Imagine you’ve spent at least the last two years of your life dedicating your time, your body and your money to peak at exactly this moment to find in the penultimate hour it all gets cancelled. The warning signs have been flashing in neon for over a year. Questions of why the roadblocks weren’t heeded have been left until much too late.

It should not be the responsibility of an individual athlete to have to stand up and say the risk is not worth taking. The Commonwealth Games Federation has a responsibility to the young people who have dedicated their time and effort to represent their country and to inspire other young people to work hard to reach their goals.

All the athletes deserve our support whether they decide to go or not but a decision needs to be made as a team. Australia’s love affair with elite athletes puts an unacceptable amount of pressure on individual athletes who might otherwise not consider it worthwhile to take the risk.                    The sporting leaders of Australia should not have to face matters of geo-political security. Certainly not in an environment which has proven to be highly volatile and incapable of reaching the basic standards required.
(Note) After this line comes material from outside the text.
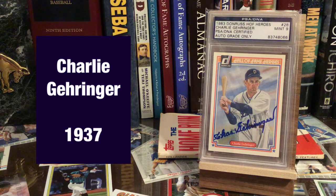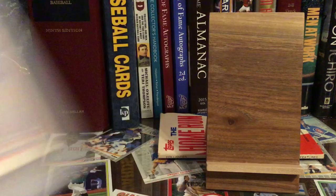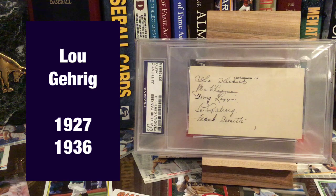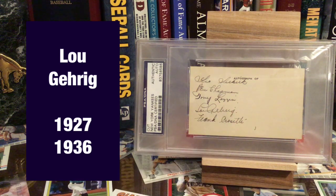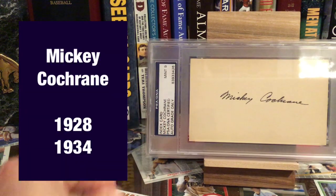Charlie Gehringer. All right, here we go — some really big ones starting to come up now. Lou Gehrig — I don't have a lot of words to say on this one. He won twice: 1936 and 1927. His signature's right there, along with another very tough Hall of Famer, Tony Lazzeri, on this multi-signed piece. I still need to get a Gehrig solo piece, but it's just so expensive. And we got the great Mickey Cochrane — he also won two MVPs. Then there's Lefty Grove, another pitcher.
Those who argue it is up to individual athletes to make a call on their own level of comfort in competing have a point, but that decision should only be based on firm safety assurances by the Federation and host country. With security experts saying there is an 80 per cent chance of a terrorist attack the risks clearly outweigh the rewards. If we cannot ensure the safety of our athletes to a reasonable extent then I say let the terrorists win this one and let our athletes aspire to the Olympic Games in 2012.